[spam] [personal] perceiver model notes

Fri Jan 21 09:24:24 PST 2022

- there's already a function to convert these models in the perceiver
transformers subfolder
- once you get the tokenizer right (byte + 6), torch runs google's example fine
- there's some code in that file that sets two additional model
parameters i wasn't setting (config.qk_channels = 8 *32,
config.v_channels = config.d_latents)
- i eventually went to google's original paper and looked at their
training parameters for masked language modeling.  their learning rate
was 0.00125.  mine was 0.0001.

- when i set my learning rate to 0.001, with the config change, the
model now learns a constant output somewhat quickly.  I think i also
changed from the SGD optimizer to Adam.  the paper used Lamb with a
learning rate warmup, cosine cycle, and weight decay.

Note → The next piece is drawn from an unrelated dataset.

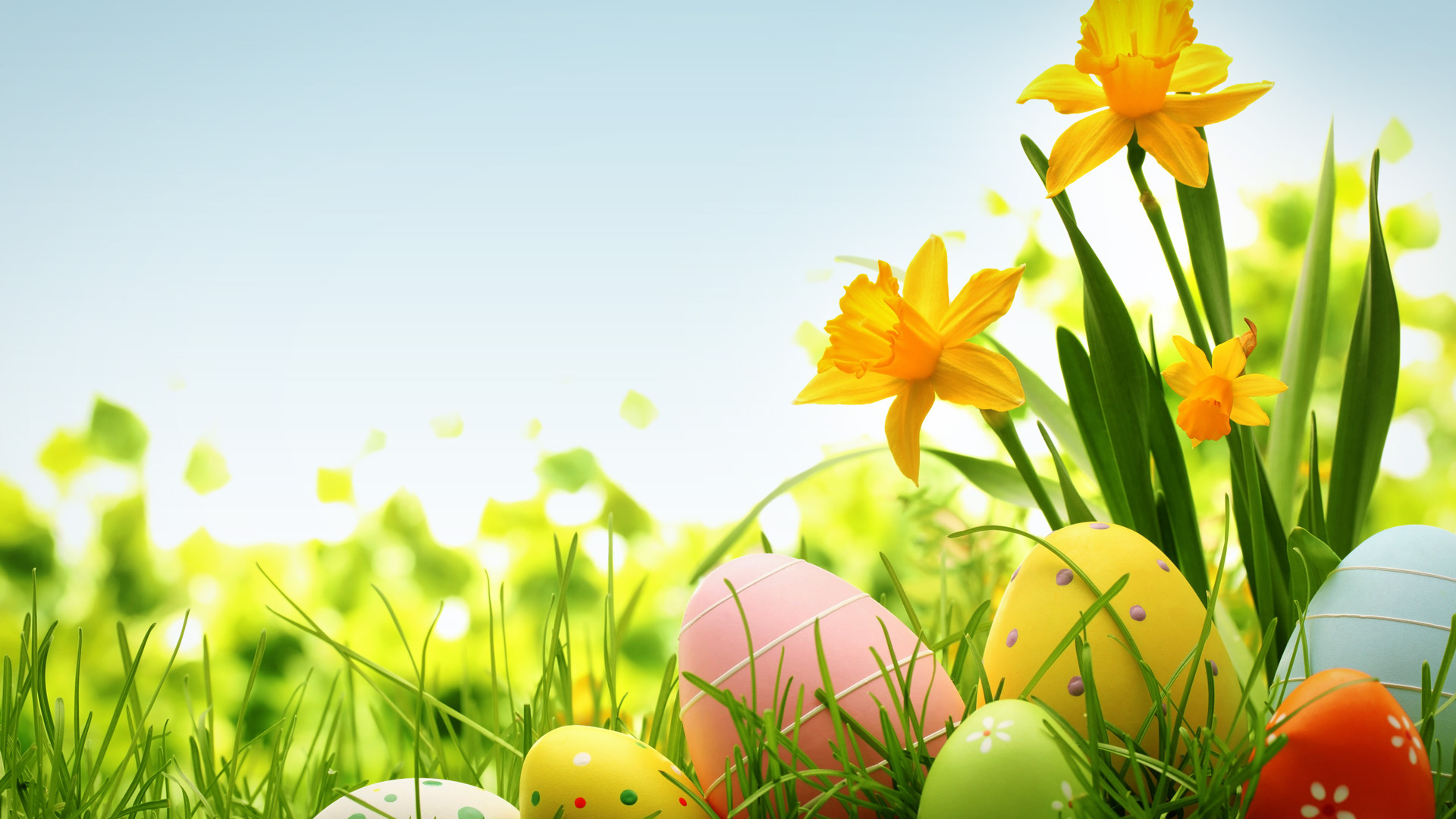 Easter 2016 Backgrounds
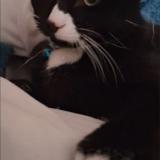 Photo de chat perdu à Iffendic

- i think ended up trying with a large batch size (256 or 512) and
small config parameters (depth=3, ~width=256), and the model got stuck
around in the 2's and then suddenly burst up to 4 and dropped down to
1.3 and was outputting numbers of roughly the right length with often
the right first digit, but wouldn't proceed further.  i didn't note
these parameters and couldn't reproduce it.

- after fiddling with things a bit on colab's gpu, this is the first
set of parameters i found to solve the problem, around step 2000:
https://bafkreie7gyyy3alribjyl72hlm4pk4allyul7xem7yqmpl66yzcidumfnq.ipfs.dweb.link/
.  i think it could do it faster.